There has been some criticism by academics in recent years that the Taliban were not invited to the famous Bonn conference in December 2001, but that is taking hindsight to extreme lengths. There is no way that the United States would have accepted their presence in Bonn only a few weeks after the 9/11 attacks which the Taliban (as Al Qa’ida’s hosts in Afghanistan) should have prevented.

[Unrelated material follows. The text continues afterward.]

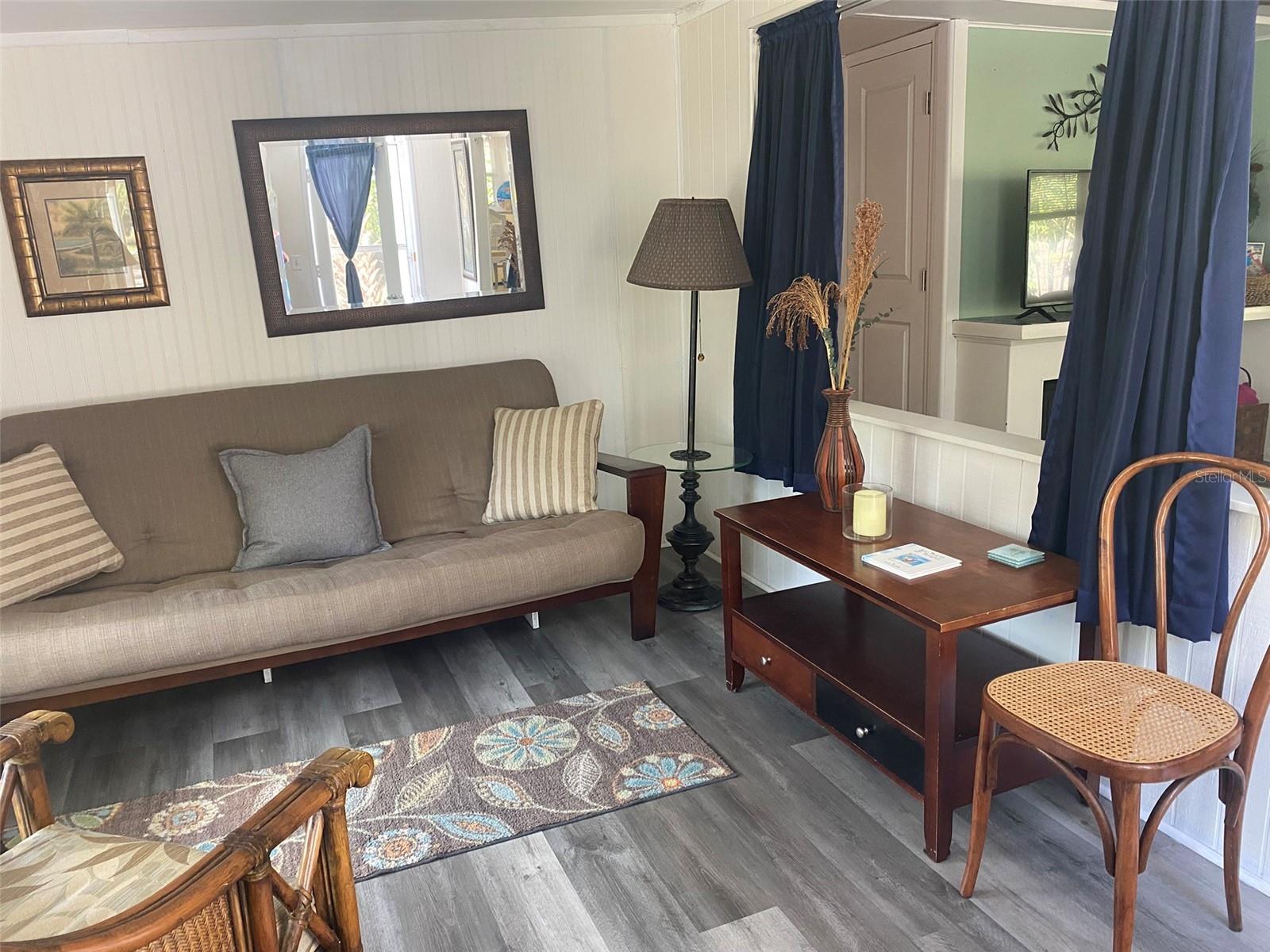 TB8437666 Property Photo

However, the Taliban ought to have been reconciled with the Kabul government sometime between late 2001 and the summer of 2006 when the International Security Assistance Force ‘phase 3’ plan was implemented in southern Afghanistan with NATO countries opening ‘Provincial Reconstruction Teams’ in Kandahar province (Canadians), Helmand (British), Uruzgan (Dutch) and Zabul (Americans). This was the disastrous moment when a resurgent Taliban found its provinces being apparently ‘taken over’ by Western troops and aid workers. This was also when NATO, with its mission to degrade Al Qa’ida, suddenly found itself fighting the wrong enemy. For all their medievalist brutality, the Taliban have never been international jihadists; they are radicalised Afghan tribesmen who have a rightful place in southern and eastern Afghanistan.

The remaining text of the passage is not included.